Titles in companies don’t matter too much when you know in your heart that you’ll eventually go down the startup path again. A regular job is a means to getting that back. Find anything, and get more experience and unique insight. Any job is progress as long as you are learning & saving.

You say you “Don’t want to be a network for others to exploit”. I totally resonate with this. Feel free to elaborate more on this point…. 😉 this kind of philosophy is very interesting to me.

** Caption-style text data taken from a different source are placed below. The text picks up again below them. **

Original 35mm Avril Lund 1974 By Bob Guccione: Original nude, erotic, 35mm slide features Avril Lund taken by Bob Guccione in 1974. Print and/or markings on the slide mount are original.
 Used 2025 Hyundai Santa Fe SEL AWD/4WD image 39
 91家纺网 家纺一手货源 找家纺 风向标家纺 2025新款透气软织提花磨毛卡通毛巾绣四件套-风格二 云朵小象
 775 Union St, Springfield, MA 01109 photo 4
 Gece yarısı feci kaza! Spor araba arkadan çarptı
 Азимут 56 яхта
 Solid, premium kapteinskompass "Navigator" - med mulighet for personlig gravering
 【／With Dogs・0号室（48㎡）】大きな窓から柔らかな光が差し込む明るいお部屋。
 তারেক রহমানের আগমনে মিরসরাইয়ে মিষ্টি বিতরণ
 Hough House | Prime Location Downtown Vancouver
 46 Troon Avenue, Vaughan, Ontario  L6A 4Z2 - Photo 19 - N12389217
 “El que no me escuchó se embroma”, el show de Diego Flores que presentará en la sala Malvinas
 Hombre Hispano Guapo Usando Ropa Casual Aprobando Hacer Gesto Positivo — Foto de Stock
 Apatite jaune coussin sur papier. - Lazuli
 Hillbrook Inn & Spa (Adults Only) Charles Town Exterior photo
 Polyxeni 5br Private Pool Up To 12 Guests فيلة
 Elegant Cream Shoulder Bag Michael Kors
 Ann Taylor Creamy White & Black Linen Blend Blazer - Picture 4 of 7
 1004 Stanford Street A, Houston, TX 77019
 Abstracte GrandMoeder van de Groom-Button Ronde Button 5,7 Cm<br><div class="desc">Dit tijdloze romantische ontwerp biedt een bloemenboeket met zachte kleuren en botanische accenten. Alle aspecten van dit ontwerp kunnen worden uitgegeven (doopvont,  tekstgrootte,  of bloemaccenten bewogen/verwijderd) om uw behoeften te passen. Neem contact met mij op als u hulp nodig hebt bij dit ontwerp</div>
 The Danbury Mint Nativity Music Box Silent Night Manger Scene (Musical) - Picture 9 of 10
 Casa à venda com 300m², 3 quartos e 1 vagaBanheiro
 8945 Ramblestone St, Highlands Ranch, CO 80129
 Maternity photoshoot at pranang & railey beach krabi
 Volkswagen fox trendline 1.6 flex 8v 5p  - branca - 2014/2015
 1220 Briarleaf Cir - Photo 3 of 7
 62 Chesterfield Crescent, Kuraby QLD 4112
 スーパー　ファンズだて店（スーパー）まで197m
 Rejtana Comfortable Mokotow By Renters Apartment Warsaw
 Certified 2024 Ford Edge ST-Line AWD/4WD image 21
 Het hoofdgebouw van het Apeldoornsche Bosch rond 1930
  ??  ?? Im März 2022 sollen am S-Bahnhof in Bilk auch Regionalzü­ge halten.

Source: $100K ARR stealth moonlighting solofounder solofounded bootstrapper extraordinaire.
 
@manga006 You definitely are right. I’ve changed my expectations quite a bit and have applied to a lot more entry level and junior roles. In the last few months. Sadly outcomes haven’t been much different.
 
@theeducator I don't think you need to apply to junior roles or entry level positions. I would suggest taking CEO off your resume. Put your job title as what you did most of the time or enjoyed doing most. Eg. Business Development or Product Manager. List what you did relating to that role and what successes you had in that sphere. Yes, it means that you will leave out all the other stuff you did but I don't see anything dishonest about that. Then apply for jobs that match that. In your interviews don't talk about being CEO or about starting companies. Talk about the role that you are applying for. If they ask about the founder stuff, off course you then talk about it but steer the conversation back to the role you are applying for. Large corporates / FAANG probably aren't going to be interested in you. Rather apply to new fast-growing companies. They are always looking for new people and are less discerning. Plus working there will be a lot more fun. I did all of that many years ago and it worked for me. Hope it does for you, too. Good luck!
 
@chico9999 Doubling down on this, reframe your entire cv focusing on retitling your roles running your own companies as what you're going for...Head of Product, or Head of Strategy or whatever vs just trying to explain your CEO role...that'll come once you make it past the automated resume systems that recruiters use now. You need a CV that'll make sense for each of these roles (I made unique resumes for every job) during my last search.